Premièrement que les indicateurs ne sont que des outils, des guides destinés à éclairer une situation à un moment précis. Seule la vision d’ensemble qu’ils procurent lorsqu’ils sont considérés en commun peut prétendre refléter la réalité. La mission première des indicateurs doit être de créer un dialogue, d’une part entre les différentes institutions de coopération au développement et, d’autre part, entre les bailleurs et les pays bénéficiaires. Leur rôle n’est pas de définir l’objectif de l’aide à proprement parler mais de faciliter son atteinte.
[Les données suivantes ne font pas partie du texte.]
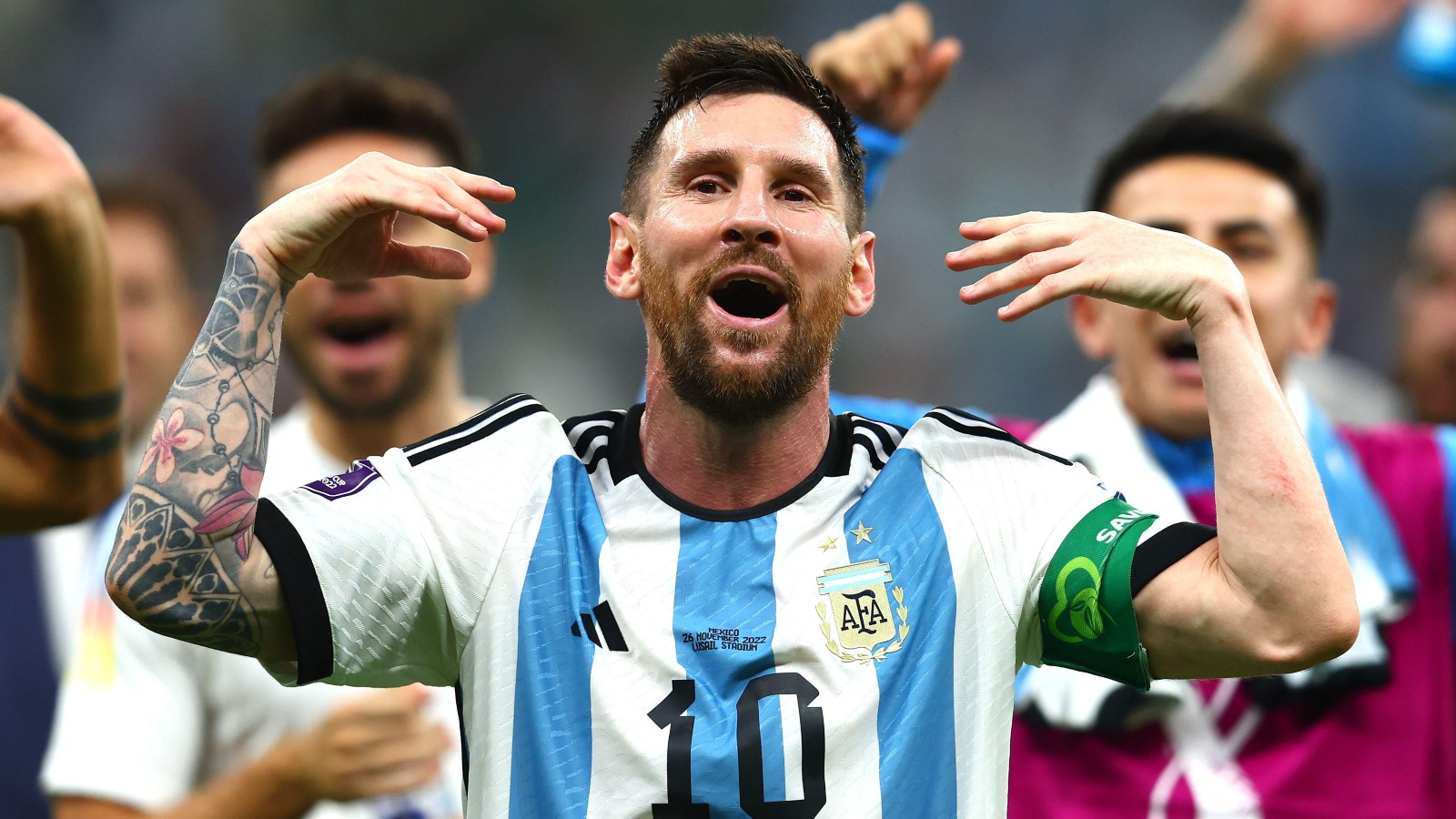 A definitive ranking of every World Cup since 1990 from worst to best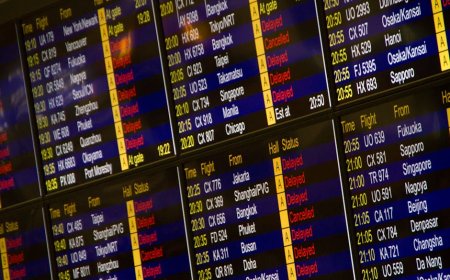 Kendalikan Status Online Anda di Linux, Tetap Terlihat atau Menghilang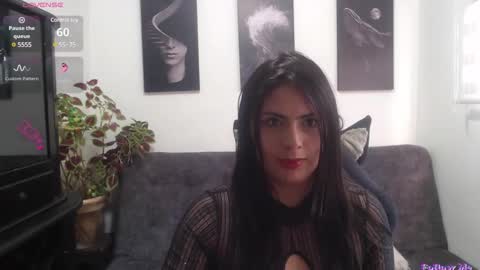 Snapshot of helena_olivet chatting on 21, 9, 2025 HELENA online show from 21, 9, 2025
La direction donnée à l’aide provient de l’institution qui utilise et interprète les indicateurs et correspond aux espaces politiques sur lesquels cette dernière est engagée. Les indicateurs de gouvernance, en tant qu’entités concrètes, constituent un point d’entrée pour le débat sur la conception de la gouvernance. Matérialisée, la gouvernance devient discutable et ses différentes compréhensions comparables. La deuxième chose à retenir ici est qu’un indicateur n’a de pertinence que s’il est utilisé par le plus grand nombre. Pour ce faire, la transparence des méthodes de construction et l’accessibilité des résultats constituent un pré requis. De cette manière uniquement, un indicateur pourra créer le dialogue et bénéficier aux bailleurs sur le plan de l’effectivité de l’aide et aux pays en développement afin de les guider dans leurs réformes. Troisièmement, pour reproduire une photographie aussi précise et fiable que possible d’une situation donnée, un indicateur se doit d’être diversifié dans sa construction et « honnête » quant à son utilisation. Concernant le premier point, l’importance porte d’une part sur un mélange équilibré entre perceptions externes et internes et, d’autre part, sur une diversification des éléments mesurés (politiques, économiques, sociaux, etc.) Pour ce qui est de son « honnêteté », un indicateur de gouvernance doit se monter clair sur les limites inhérentes au concept même d’indicateur, c’est‐à‐dire qu’il ne représente qu’une vision de la réalité et non la réalité elle‐même.

Finalement, à la question « existe‐t‐il plusieurs bonnes gouvernances ? », il est évident que la réponse est oui. Chaque institution de coopération au développement oriente « le faisceau de sa lampe de poche » sur les éléments auxquels elle accorde de l’importance et qui font partie intégrante de sa définition. Cependant, les recherches concernant la gouvernance n’en sont qu’à leurs débuts. Il semble donc normal que chaque institution défende ses propres valeurs du développement. Depuis quelques années une tendance à l’harmonisation se fait pourtant sentir. Le « contenu » de la gouvernance devient de plus en plus clair (bien que pas forcément plus consensuel) et la volonté d’intégration des différentes dimensions de la gouvernance dans les stratégies de coopération au développement augmente. Cette harmonisation des indicateurs mènera à terme à une plus grande coopération entre bailleurs et receveurs. Les nombreuses critiques concernant les indicateurs de gouvernance doivent d’ailleurs être perçues non comme un reniement du principe même de l’indicateur mais plus en tant qu’incitation à la discussion, dans le but d’augmenter la coordination et la coopération entre les acteurs de l’aide au développement.